"""

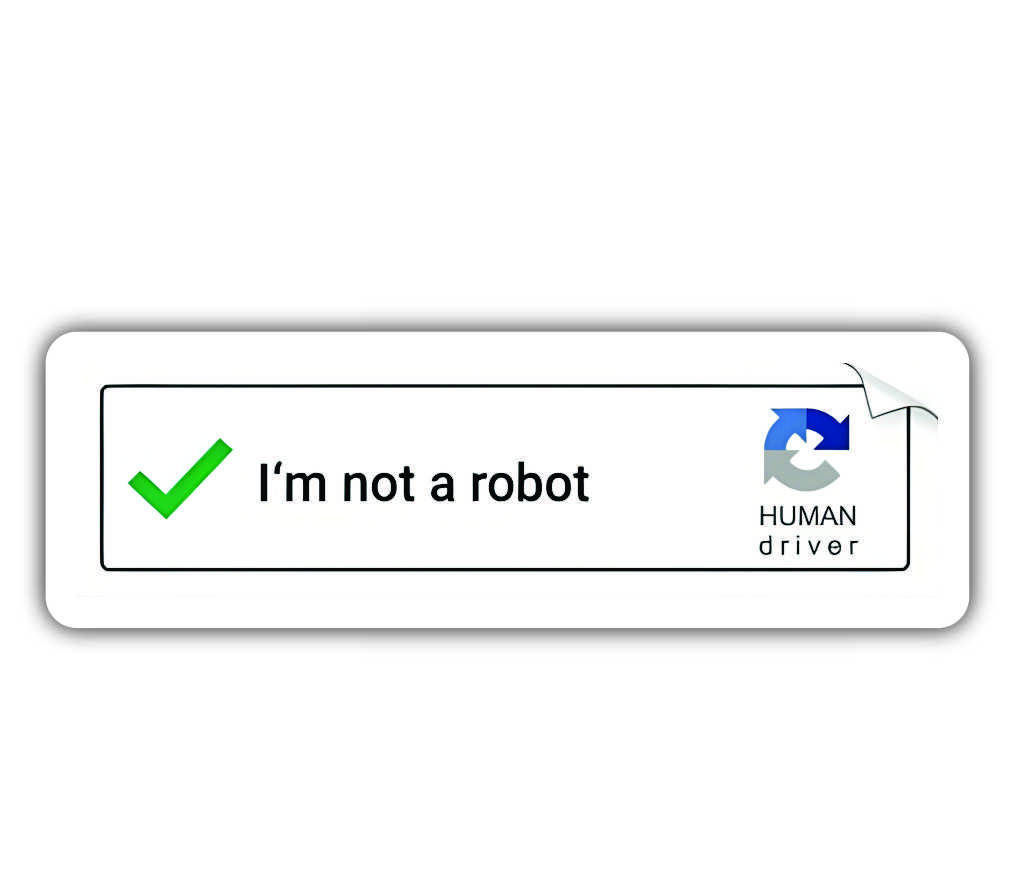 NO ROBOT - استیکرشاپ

"""
"""

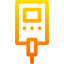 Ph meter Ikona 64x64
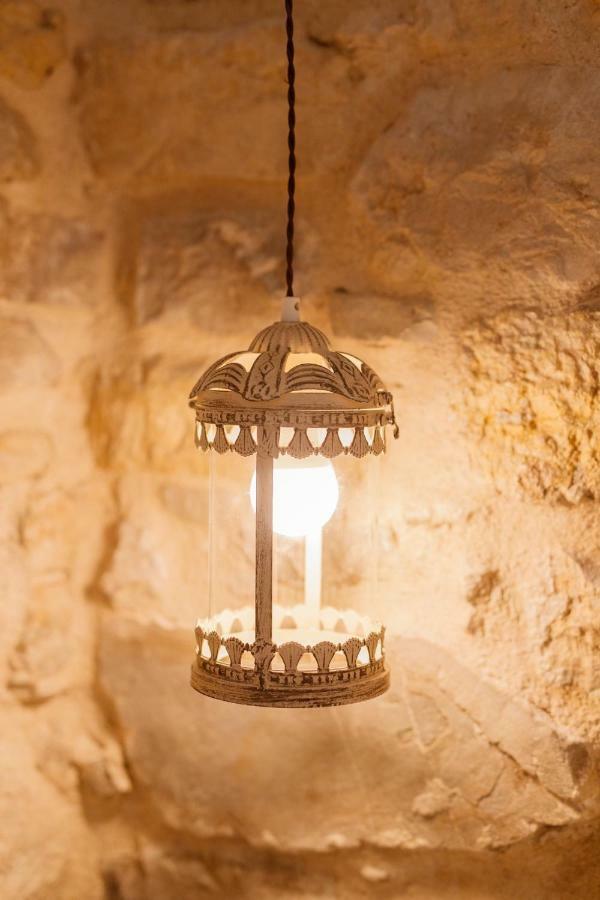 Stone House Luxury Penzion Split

"""

Of the lines above, quote exactly those from the one with "Ph meter Ikona 64x64" through the one with "Stone House Luxury Penzion Split", ends included; pictures stay out.

 Ph meter Ikona 64x64
 Stone House Luxury Penzion Split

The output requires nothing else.